# Debian 10 schaltet sich selbst einfach ab



## Skyriis (16. November 2019)

Hallo liebes Forum,
ich habe heute Debian 10 auf meinen PC installiert und bin nun auf ein kleines Problem gestoßen.
Nach einer weile schaltet sich der PC ab beziehungsweise geht in Standby aber kommt nicht mehr zurück.
Ich habe bei den Energie Einstellungen schon "Automatisch in Bereitschaft gehen" und "Bildschirm abschalten" auf nie gesetzt aber er geht trotzdem noch in standby.

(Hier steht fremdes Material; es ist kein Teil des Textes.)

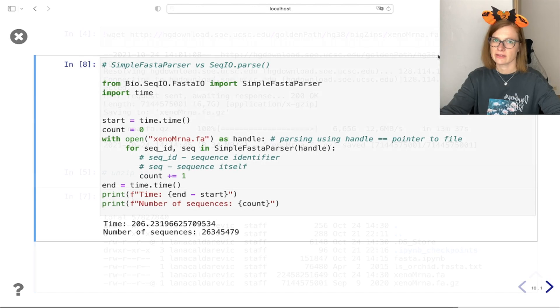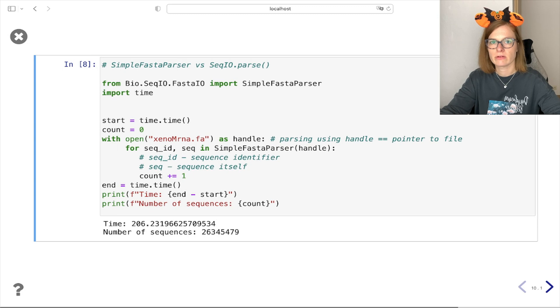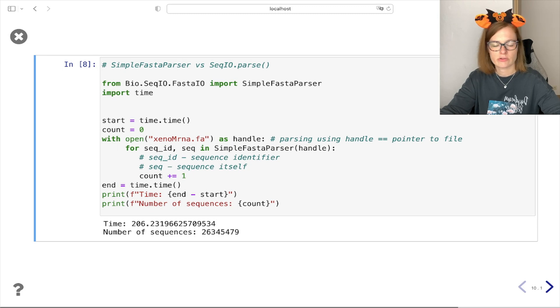In the next two examples we are going to compare the performance of SimpleFastaParser versus the parse functionality from before.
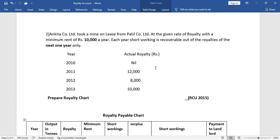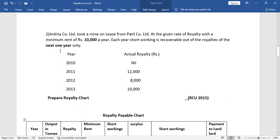In the question, Ankita Company Limited took a lease from Party Company Limited. The given rate of royalty has a minimum rent of rupees 10,000 per year. The royalty amount and minimum rent amount are given. Each year, short working is recoverable out of the royalties of the next one year only. So the recovery period is 1 year, and the minimum rent is 10,000 per year.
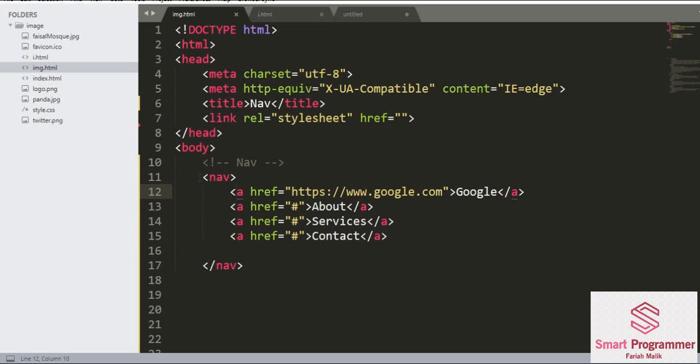We just used this nav tag and here we used anchor tag and added some navigation links. Hope this lecture was helpful to you and you learned something. If you have any query regarding this lecture, you can ask me in the comment section below.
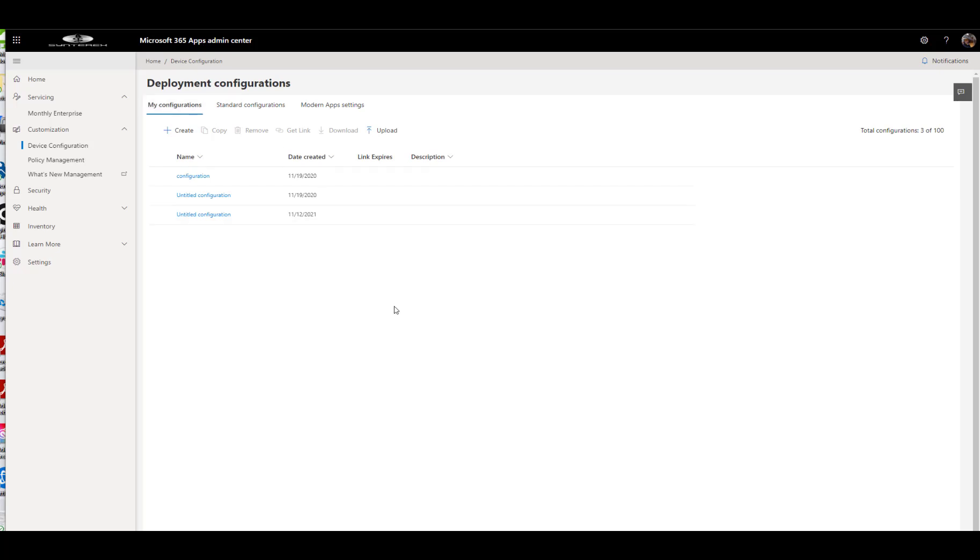Welcome. So now we're going to get into customization a little bit. We're going to cover two things: device configuration and policy management.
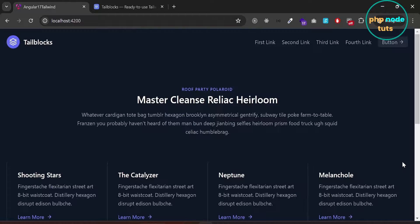In this video, we learned how to install and set up Tailwind CSS in our Angular 17 app. We also learned how to create navbar, content and footer components and add Tailwind CSS blocks to these components. I will see you in the next tutorial — till then, stay safe.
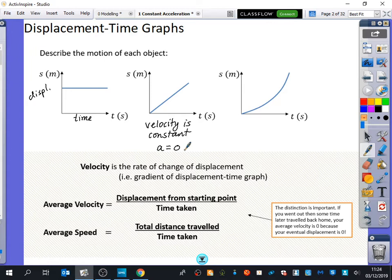Is that for the displacement-time graph where the velocity is constant? Yes, this is for a displacement-time graph. If it looks like this, the velocity would be constant. We're only going to do a short bit on displacement-time graphs — we'll spend more time on velocity-time graphs.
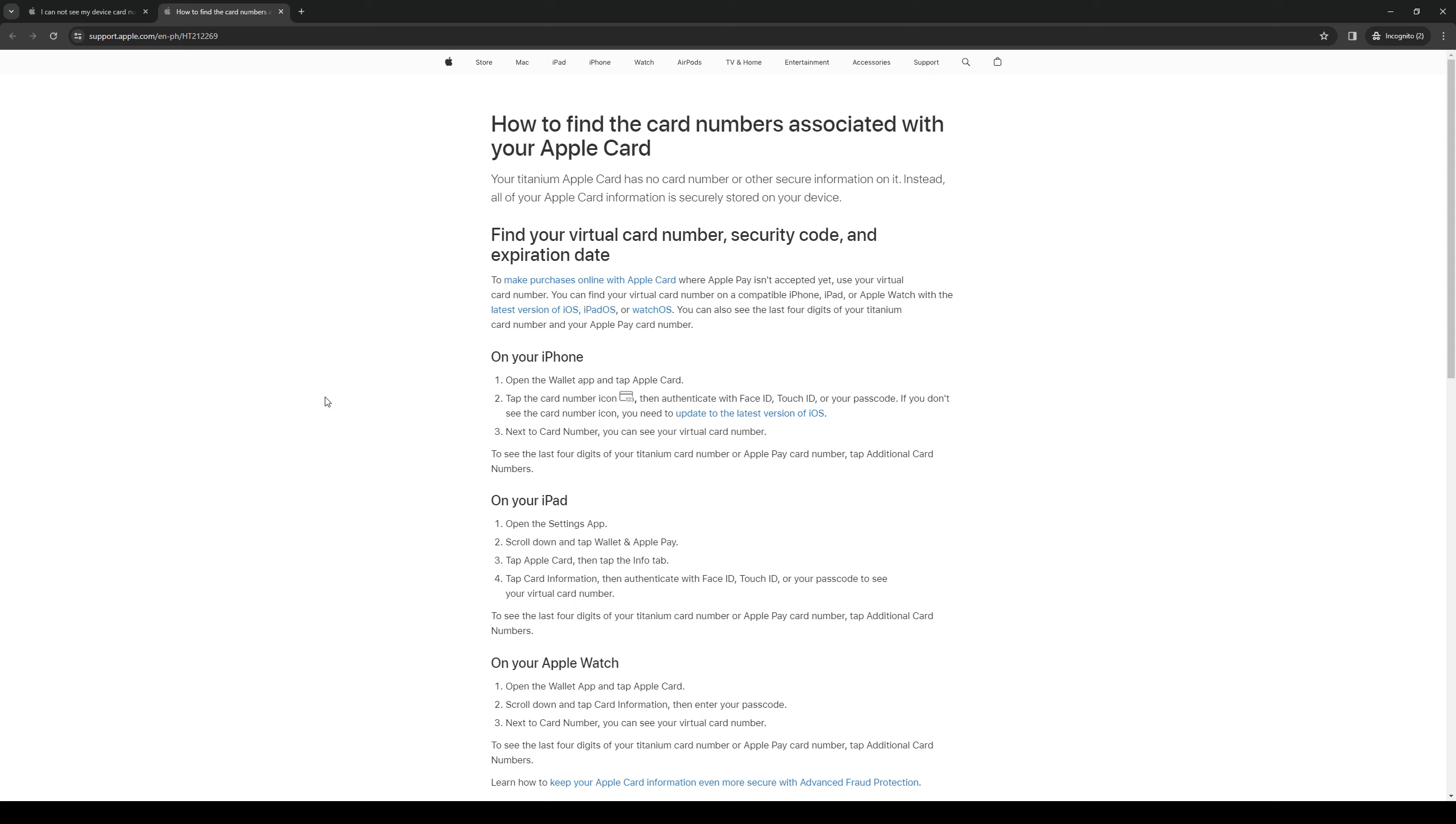By default, the last four digits of your Apple Pay card are usually encrypted. To reveal them, you would want to click on the additional card numbers button.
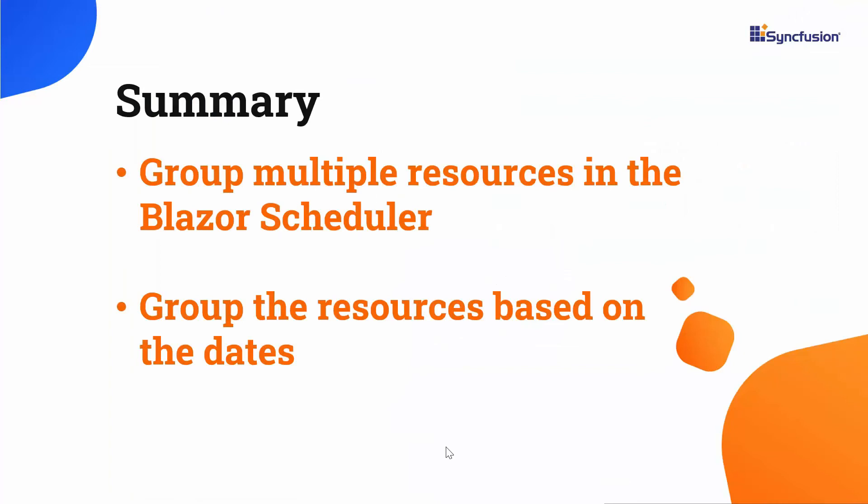We have seen how to group multiple resources in the Blazor scheduler. You simply define the group data source and map it with the required appointments. We have also seen how to group the resources based on dates in the Blazor scheduler.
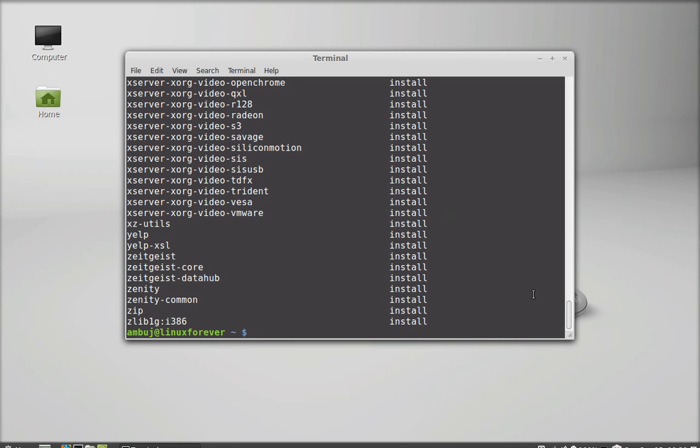Next I'm going to save this list into a text file. Just give this command: dpkg --get-selections > list.txt. This will save the entire list into this text file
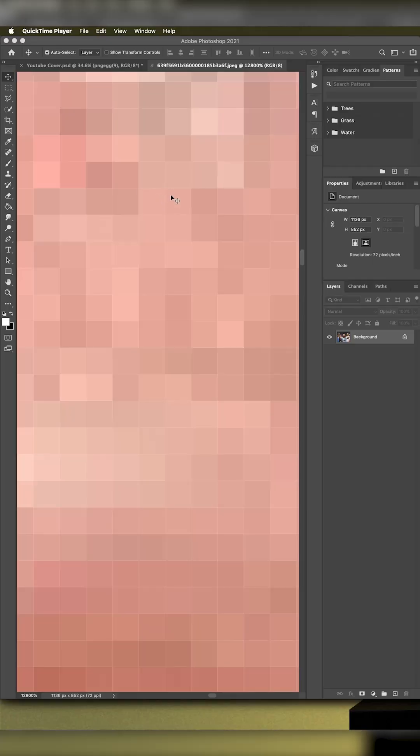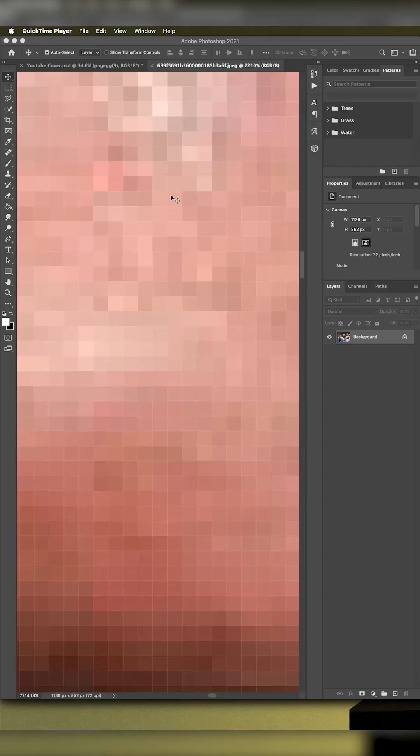Think of pixels like blocks used to build a house. You put one small block on top of another block, on top of another block, and they form a house, a duplex, an estate. In the same way, pixels are the elements of pictures — small small blocks that come together to form an image.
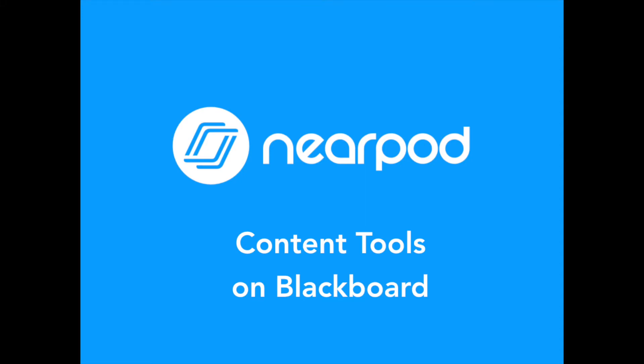Hello! Today I'm going to show you just how easy it is to use the Nearpod content tools on Blackboard.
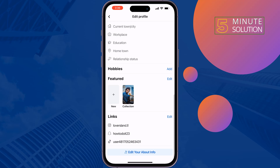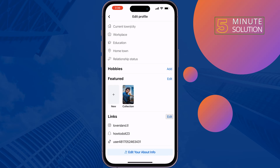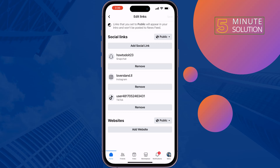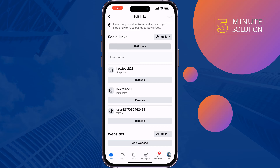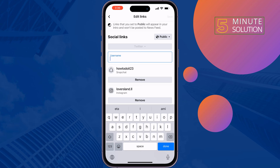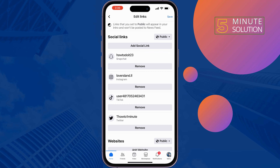Tap on edit profile, scroll down, and here you will get the links section. Tap on edit next to link. Tap on add social link, tap on platform, select Twitter, and right here enter your Twitter username, then tap on done.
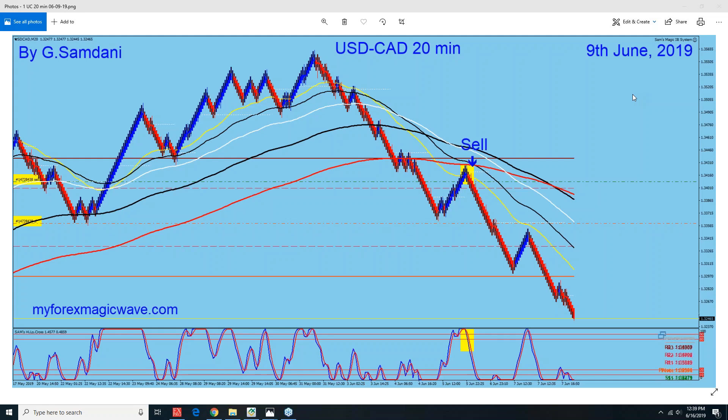Hello everyone, Sam here from MyForexMagicWeb.com, making this a small video. Today is Sunday — I was supposedly making it on Friday, but I was a little busy. So let's get started.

Wie kann ich das abschalten?

Vielen Dank im voraus


----------



## IsoldeMaduschen (16. November 2019)

Debian 10 xfce cannot wake after screen blank

Hast Du unter Debian solche Einstellungen? Siehe Screenshots


----------



## Skyriis (16. November 2019)

Nein leider nicht.
Habe nur die Standardoberfläche installiert vielleicht gibt es diese Optionen bei einer anderen?


----------



## IsoldeMaduschen (16. November 2019)

Vielleicht ist es ein Bug unter Debian, das man den Monitor im Standby nicht mehr aufwachen will. Kannst ja sämtliche Oberflächen installieren und ausprobieren.
Wenn das Problem weiterhin besteht, verwende eine der vielzähligen Distro's. 
Ich verwende Kubuntu und werde demnächst auf KDE Neon wechseln. KDE ist aus meiner Sicht Benutzerfreundlich. 
Jedem sein Geschmack welche Distro und Oberfläche man verwendet.


----------



## Skyriis (18. November 2019)

Habe jetzt KDE installiert und die Energieeinstellungen umgestellt. Jetzt funktioniert alles so wie es soll ^^

Dank für deine Hilfe.


----------



## IsoldeMaduschen (19. November 2019)

Schön das es geklappt hat. Wünsche Dir viel spaß mit KDE


----------



## lugau45 (19. November 2019)

KDE ist ehh besser als Gnome. Dann kannst du aber eigentlich auch auf dem Desktop Kubuntu installieren da bist du immer ein wenig aktueller als Debian.


----------